Hyperparathyroidism (HPT) is a disorder characterized by hyperactivity of the parathyroid glands. It results in the pathological overproduction of parathyroid hormone (PTH) with related systemic effects.^1,2 There are different types of HPT, depending on its etiopathogenesis.^2,3 Primary hyperparathyroidism (pHPT) is due to an excessive secretion of PTH by the parathyroid glands (tumors or hyperplasia of the cells of these glands).^2–6 In secondary and tertiary hyperparathyroidism (sHPT and tHPT), the PTH overproduction is a response to hypocalcemia caused by preexisting conditions such as chronic renal failure.^2,6–8

The initial treatment consists of following up patients, preventing complications, or slowing down the development of the disease with appropriate medical therapies. When medical treatments fail, or in the case of symptomatic disease, a surgical approach is recommended.^2,3,6,7

At present, total or subtotal parathyroidectomy is considered the standard procedure. Currently, parathyroidectomy is related to remarkable recovery rates and low morbidity, but postsurgical hypoparathyroidism is, however, a possible and feared complication. It can be responsible for serious clinical manifestations due to hypocalcemia, which can be life-threatening if ignored.^2,9–11 Although the risk of hypocalcemia is low (1%) after the first operation, in the case of resurgery for recurrent or persistent HPT, this risk can increase up to 30%.⁹ The permanent hypoparathyroidism harmful effects have been largely solved, thanks to the cryopreservation of parathyroid glands removed from the patient and subsequently transplanted only if necessary.^11,12

Parathyroidectomy, therefore, can be followed by autologous transplantation of parathyroid tissue (PT), which consists in the implantation of small fragments of the patient's tissue, usually in the forearm.^8,13 The autotransplantation can be carried out simultaneously, during the parathyroidectomy, or delayed, after a period of cryopreservation.^3,8,14

The autotransplantation is the best treatment for pHPT caused by multiglandular diseases (such as sporadic, familial, or MEN 1-related primary hyperplasia) and for secondary or tertiary HPT (after total parathyroidectomy, when it appears as a severe and persistent hypoparathyroidism).¹⁵ Cryopreservation is, therefore, an extremely useful and crucial tool for parathyroid surgery.
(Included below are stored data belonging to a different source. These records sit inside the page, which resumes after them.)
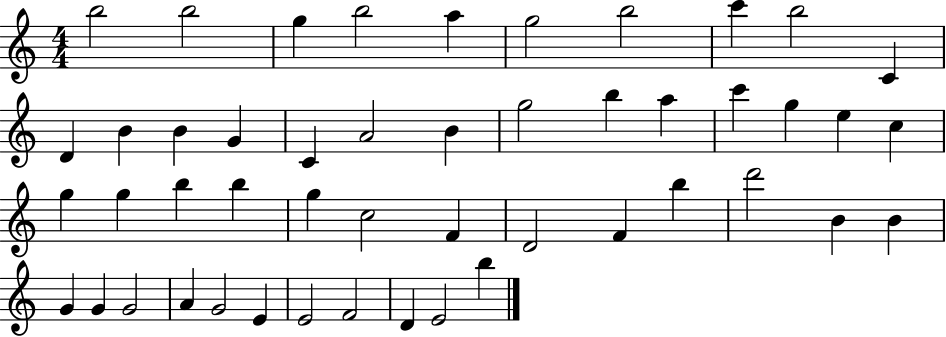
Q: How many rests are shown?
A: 0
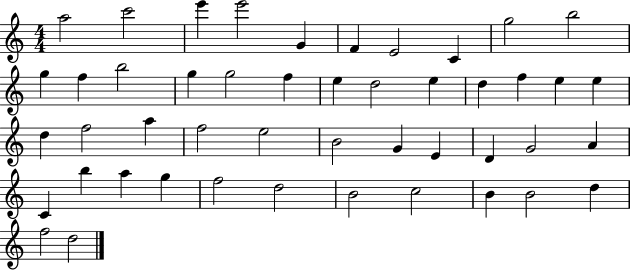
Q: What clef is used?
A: treble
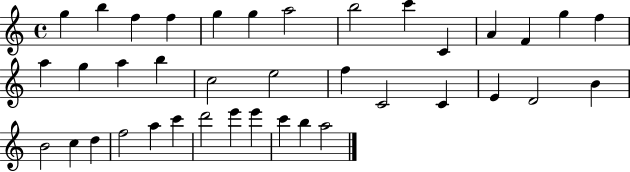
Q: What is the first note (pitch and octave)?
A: G5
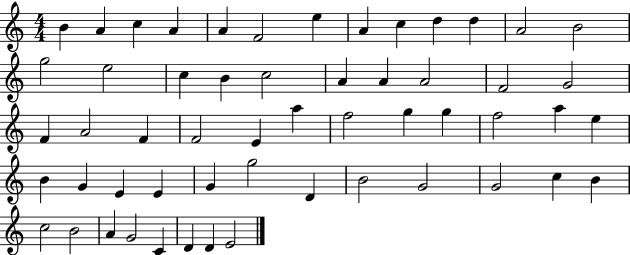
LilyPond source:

{
  \clef treble
  \numericTimeSignature
  \time 4/4
  \key c \major
  b'4 a'4 c''4 a'4 | a'4 f'2 e''4 | a'4 c''4 d''4 d''4 | a'2 b'2 | \break g''2 e''2 | c''4 b'4 c''2 | a'4 a'4 a'2 | f'2 g'2 | \break f'4 a'2 f'4 | f'2 e'4 a''4 | f''2 g''4 g''4 | f''2 a''4 e''4 | \break b'4 g'4 e'4 e'4 | g'4 g''2 d'4 | b'2 g'2 | g'2 c''4 b'4 | \break c''2 b'2 | a'4 g'2 c'4 | d'4 d'4 e'2 | \bar "|."
}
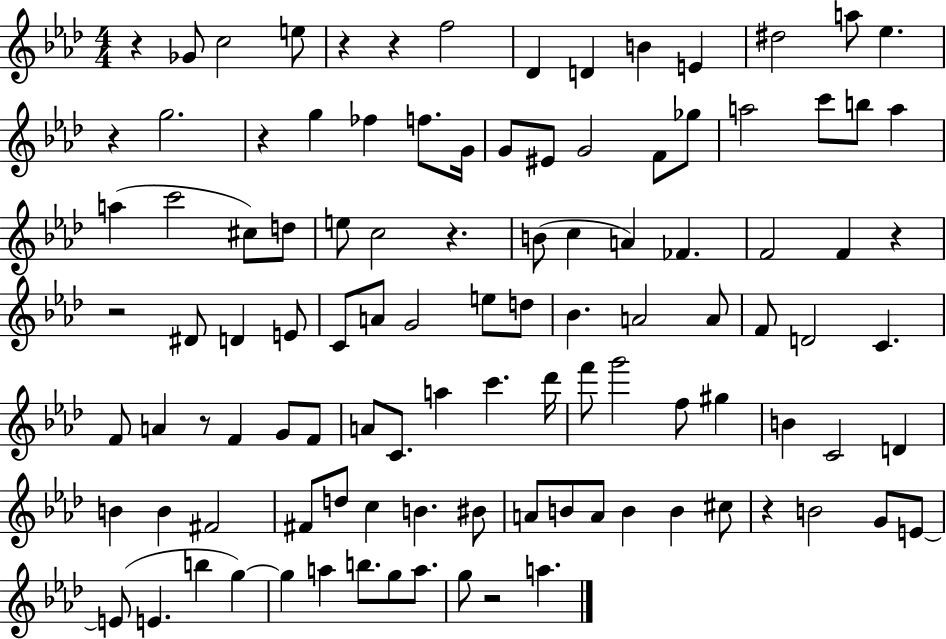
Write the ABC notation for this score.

It allows clinicians to make better decisions, evaluating over time the patient conditions and avoiding unnecessary immediate parathyroid autografts.^16–18

However, from the 1970s to now, few studies have been conducted to assess viability and functional preservation of PTs after cryopreservation. Moreover, very often, these studies have yielded variable or even conflicting results due to differences in the freezing methods, in the conservation timing, and in the approaches to evaluate the function and viability of these tissues.^9,11,18–26 For instance, some studies concluded that the length of the storage life is a significant factor to predict the failure or success of the autografts since a decreasing PT cell viability and functionality appear associated with cryopreservation and with an increasing storage time.^9,18,21,25 Guerrero et al. showed that only 1% of parathyroid specimens stored for more than 24 months still contain viable cells, suggesting that these tissues may not be used for transplantation.⁹ Other studies by Cohen et al. confirmed a dramatic reduction in cell viability and function after only 22 months of cryopreservation, demonstrating that these tissues, once transplanted, are no longer functional.^18,21,22

Further studies by Alvarez-Hernandez et al. reported that most of the PTs tested after cryopreservation maintain their viability, but lose their negative feedback on calcium metabolism when compared to fresh tissues, indicating a further potential limitation in autografting after cryopreservation.¹⁹

In this study, the viability and function of the PTs of ten patients cryopreserved at the Cord Blood Bank and Cardiovascular Tissue Bank of Emilia-Romagna were evaluated. Since 2011, in fact, the Bank has been authorized for the storage and distribution of PT from patients affected by different types of HPT, with the aim of a potential autologous transplantation in case of persistent hypoparathyroidism after surgery.

Materials and Methods

Harvesting PT samples

The Cord Blood Bank and Cardiovascular Tissue Bank of Emilia-Romagna is authorized (pursuant to Legislative Decree 191/2007 and after the agreement of the Italian National Transplant Centre, PROT. No 101/11) for the storage and distribution of PT from patients.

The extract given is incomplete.